Final answer:
To solve the given problems, we need to find the definite integral of the given functions over their respective intervals. The first problem involves finding the definite integral of 3/(2x)^(2/3) from 1 to 8, which simplifies to 279/5. The second problem involves finding the definite integral of (x^7)/14 + 1/(10x^5) from 1 to 2, which simplifies to 30.1.
Step-by-step explanation:
To solve the problem 1. f(x) = 3/(2x)2/3 on [1,8], we can find the definite integral of f(x) over the interval [1,8].

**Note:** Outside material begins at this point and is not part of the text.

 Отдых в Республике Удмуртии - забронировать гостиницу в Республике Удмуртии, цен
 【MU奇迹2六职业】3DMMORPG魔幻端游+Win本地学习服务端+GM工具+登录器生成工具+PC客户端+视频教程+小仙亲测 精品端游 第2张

- First, let's find the antiderivative of f(x). The antiderivative of xn is (1/(n+1))xn+1. Applying this rule, the antiderivative of 3/(2x)2/3 is (3/((2/3)+1))x^((2/3)+1), which simplifies to (3/(5/3))x^(5/3) or (9/5)x^(5/3).
- Next, we substitute the upper limit (8) and the lower limit (1) into the antiderivative expression and subtract the results. This gives us (9/5)(8^(5/3)) - (9/5)(1^(5/3)). Calculating further, we get (9/5)(32) - (9/5)(1), which simplifies to 288/5 - 9/5 = 279/5.
Therefore, the solution to the problem 1 is f(x) = 279/5.
For problem 2, f(x) = (x^7)/14 + 1/(10x^5) on [1,2]. Using the same approach, we find the antiderivative of f(x) to be (1/8)x^8 + (1/(-40))x^(-4), which simplifies to (1/8)x^8 - (1/40)x^(-4). Evaluating this antiderivative from 1 to 2, we get ((1/8)(2^8) - (1/40)(2^(-4))) - ((1/8)(1^8) - (1/40)(1^(-4))), which simplifies to (256/8 - 1/10) - (1/8 - 1/40) and further simplifies to 30.1.